# '66 batman now shipping!



## Bwain no more (May 18, 2005)

Received my first order from Frank yesterday, and even though I've had a test shot for several months now, I am STILL like a little kid at Christmas (Christmas of 1966 to be exact ). Some parts have been tweaked, fit is near PERFECT and it is just TOO cool to have that retro box! Anyway, if I have mine, most online retailers should start filling preorders over the next few days, you should see them on shelves by the time the Blu-Ray drops in two weeks. REALLY glad that the figure license went to Moebius; Frank and Dave and Bob (not to mention the INCREDIBLE Jeff Yagher) have knocked this one outa the park! I had a conversation with Steve Iverson about this last night; for '66 Batfans, THIS is what the 1/350th Enterprise was to Trek fans a couple years ago. To all involved, kudos and THANKS!!! :thumbsup:
Tom (typing this with tears of joy in his eyes...)


----------



## Steve CultTVman Iverson (Jan 1, 1970)

First shipments going out today. 

http://www.culttvmanshop.com/Batman-1966-from-Moebius-Models-_p_3059.html


----------



## Jimmy B (Apr 19, 2000)

At Last! I was going to order mine on-line but to highten the nostalgic effect, I'm choosing to take a bright autumn afternoon and drive to a LSH and buy this Gem OTC

No hard feelin's guys


----------



## PF Flyer (Jun 24, 2008)

Got my two in today's mail. Love how the instructions are written in the over dramatic "bat-speak" of the show. Stickers, decals, rope--Holy model geeks! This thing is way cool.


----------



## John P (Sep 1, 1999)

Got 'im!
On the ready-pile he goes.


----------



## deadmanincfan (Mar 11, 2008)

Steve CultTVman Iverson said:


> First shipments going out today.
> 
> http://www.culttvmanshop.com/Batman-1966-from-Moebius-Models-_p_3059.html


Received mine on Halloween! Thanks for the speedy-as-always service, Steve!


----------



## bqeman (Apr 14, 2009)

Came to work today to find my waiting for me. Thanks Steve!


----------



## Richard Baker (Aug 8, 2006)

PF Flyer said:


> Got my two in today's mail. Love how the instructions are written in the over dramatic "bat-speak" of the show. Stickers, decals, rope--Holy model geeks! This thing is way cool.


Could you give us who do not have the kit an example of 'Bat-Speak' from the instructions...


----------



## PF Flyer (Jun 24, 2008)

Here's a sample:

"Meticulous artisans and conscientious craftspeople! You may wish to paint the arm and leg assemblies at this point, before adhering said limbs to the completed torso assembly."

"First, before undertaking the lordly art of model-kit building, study the diagrams and assembly sequence carefully...."
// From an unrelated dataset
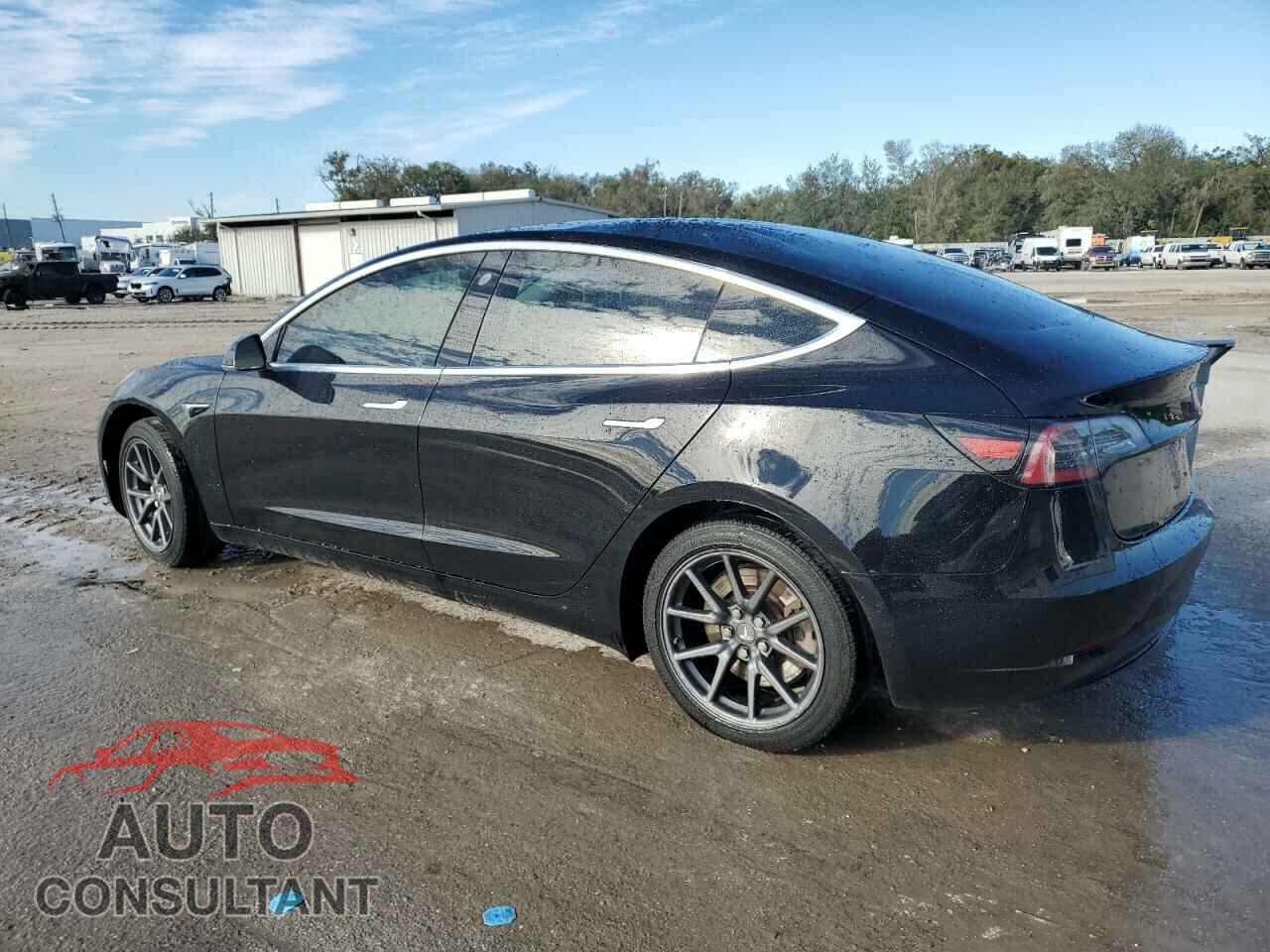 TESLA MODEL 3 2018 - 5YJ3E1EA6JF095625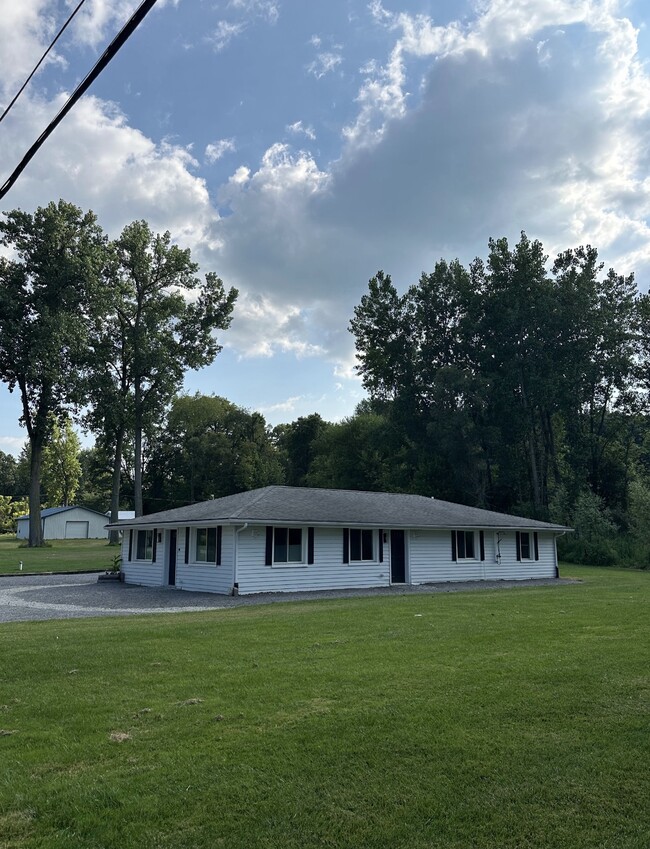 Exterior view - 1415 S Oak St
"Attention Citizen! Paint face details before cementing Batman's mask in place. By the way, Batman's eyes are steely gray-blue."


----------



## Richard Baker (Aug 8, 2006)

Wonderful!


----------



## NTRPRZ (Feb 23, 1999)

I want to get this, but will wait a while. I've learned my lesson about paying full price for a kit when it's first released, only to figure out that if I wait a couple of months, I'll be able to get it on sale.


----------



## Richard Baker (Aug 8, 2006)

I used to do that also- I still have kits I bought the first day of release still unbuilt and they have been either discounted or repopped since...


----------



## PF Flyer (Jun 24, 2008)

I taped up most of the kit last night. The fit seems exceptional. In fact, you could snap some of the parts together and they would likely hold.


----------



## Seaview (Feb 18, 2004)

:thumbsup: I love the color of the plastic; it's the perfect blue-tinted grey for his tights. I wonder what the best color paint will be, because I can't just build him without puttying and primering first.
I also test fit a couple of the parts and am as pleased as ever with Moebius quality workmanship. I'm gonna start construction next week after I finish my current build. :hat:


----------



## PF Flyer (Jun 24, 2008)

I figured the light blue plastic was an homage to the old Aurora kit. The figure had the same bluish tint while the tree was brown. Anybody got any good ideas for a paint scheme? Since I don't airbrush, the blue-purple-black look is going to be a challenge.


----------



## RMC (Aug 11, 2004)

Got mine , its an awesome kit !.......THANX MOEBIUS ! :thumbsup:


----------



## RSN (Jul 29, 2008)

PF Flyer said:


> I figured the light blue plastic was an homage to the old Aurora kit. The figure had the same bluish tint while the tree was brown. Anybody got any good ideas for a paint scheme? Since I don't airbrush, the blue-purple-black look is going to be a challenge.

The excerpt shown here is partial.